In its second annual Real Confidence Executive Index survey, CRE advisory firm Altus Group dissected the real estate preferences of 65 top CRE executives from private equity firms and REITs, including Blackstone Real Estate Group, Prudential Real Estate and Avalon Communities. The survey provided each exec with a hypothetical $1B and asked how he/she would invest it into a portfolio using both private/public equity and debt to produce the highest returns possible in one year.
Respondents overwhelmingly turned to infrastructure as a safe bet this year, allocating 15.5% of the REIT investment to infrastructure spending. That’s a 215% increase in infrastructure bets this year compared to 2016. Much of the shift in focus has to do with President-elect Donald Trump’s plan to invest $1 trillion in projects throughout the U.S., Altus Group director of research Chuck DiRocco told Bisnow. Trump just tapped longtime real estate moguls Richard LeFrak and Steve Roth to oversee his infrastructure agenda.
Private equity funds and REITs are also looking beyond the primary commercial property sectors to alternative options like infrastructure in search of returns because most sectors (particularly hotel and office), are maturing and rising interest rates are expected to compress cap rates.
“This infusion of capital and more spending in the infrastructure arena sounds fantastic, but there’s obviously a lot of red tape to get through to get these things passed and where we need it,” DiRocco said. “But if they can build on infrastructure and ease regulations, I think we need that revival and that development.”
Industrial And Multifamily Remain Favorites
Though execs raised their bets on infrastructure projects, industrial real estate topped portfolio allocation.

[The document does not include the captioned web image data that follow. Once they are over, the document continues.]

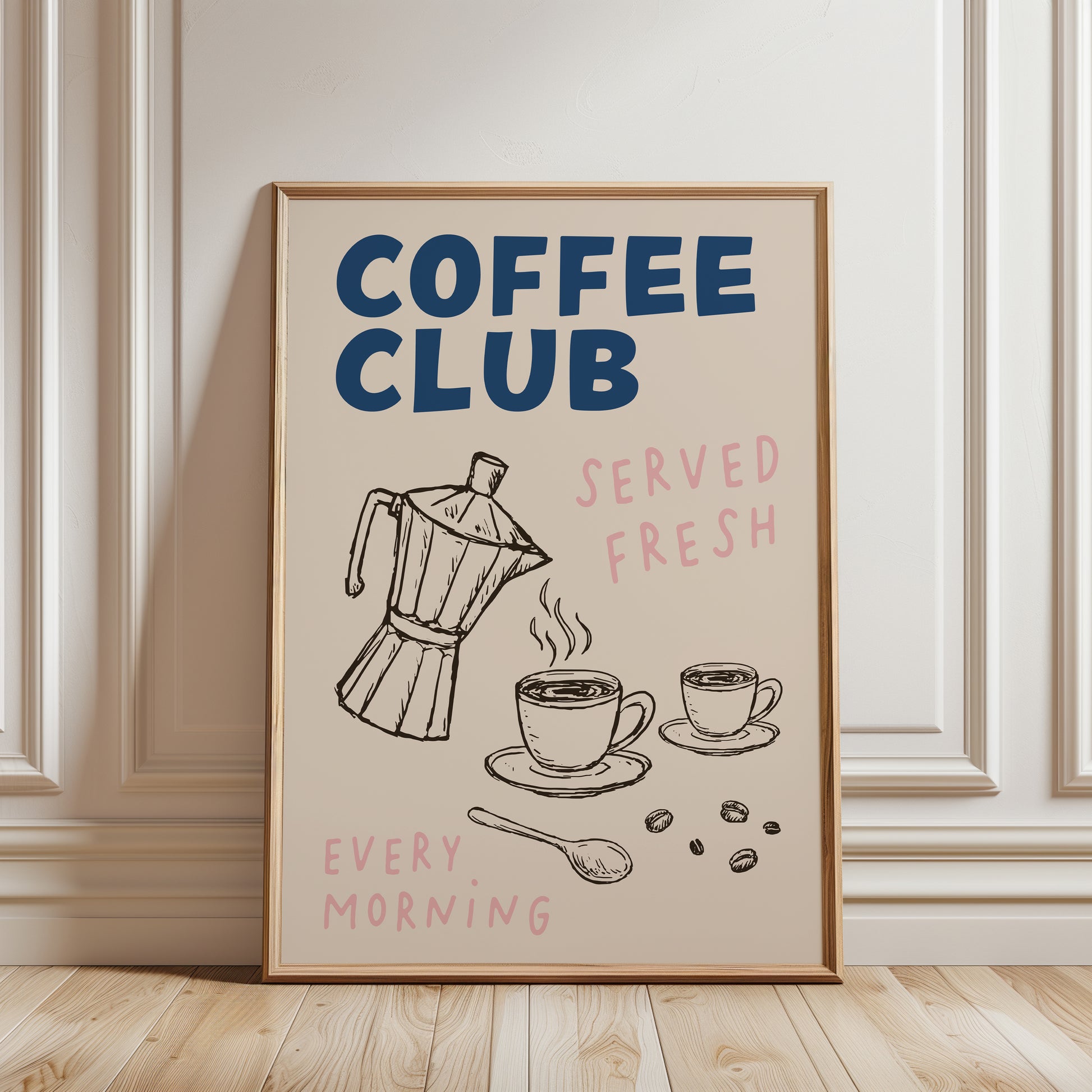 Coffee club kitchen print blue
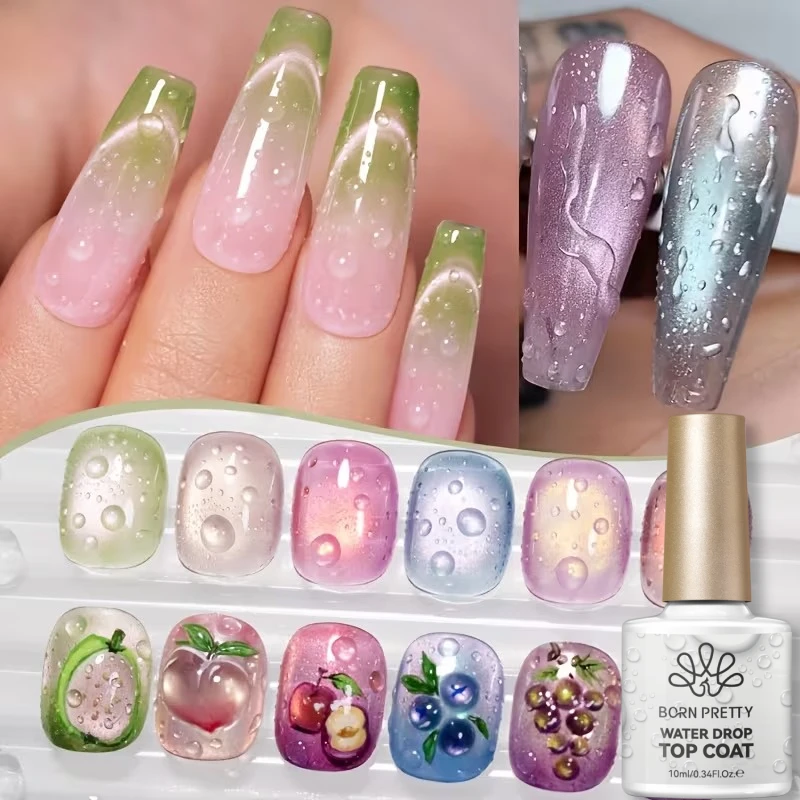 BORN PRETTY Water Drop Top Coat 10ml  No Wipe Gel Polish Summer Design Transparent Varnish Soak Off DIY At Home Manicure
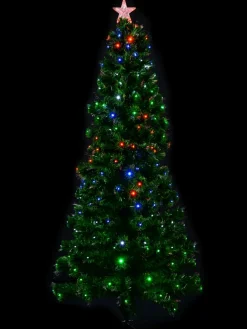 Hot Christmas Warehouse Multi Colour Led & Fibre Optic Christmas Tree With 200 Tips & Bulbs - 1.8M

Those surveyed favored industrial investment far beyond any other sector, putting 23.2% of their hypothetical funds into industrial REITs, and 34.4% into direct industrial real estate investments.
Availability for industrial space declined for the 27th consecutive quarter in Q4, continuing its record-breaking streak of net occupancy gains, according to CBRE’s latest report. Even taking into account the softening in demand that experts project may hit this year, e-commerce continues to drive this sector, keeping supply from catching up with demand.
“The big key thing to jump on is the large interest in industrial and that allocation as a whole; it’s increased on the private equity side and REIT side in regards to their dollar allocation. Our executives believe this is really a key economic driver across the board and good for GDP,” DiRocco said.
CRE executives still see room for growth in the multifamily sector as well, even as oncoming supply is expected to negatively impact rents and vacancy rates in major markets. One positive, experts say, is that the oncoming supply remains on the higher end, so Class-B and Class-C apartments in suburban markets have a healthy balance of supply and demand. Those surveyed by Altus poured $9.7B or 14.9% of their funds into multifamily projects, making it the second most popular sector.
CORRECTION, JAN. 18, 12:25 P.M. ET: A previous version of this story listed the wrong figures for multifamily investment allocations. Those figures should read 14.9% and $9.4B. In addition, Bisnow has added context to clarify whether the hypothetical funds invested were solely placed into REITs, or allocated for both private and public equity. The story has also been updated to mention the firms of a few commercial real estate executives who participated in the survey.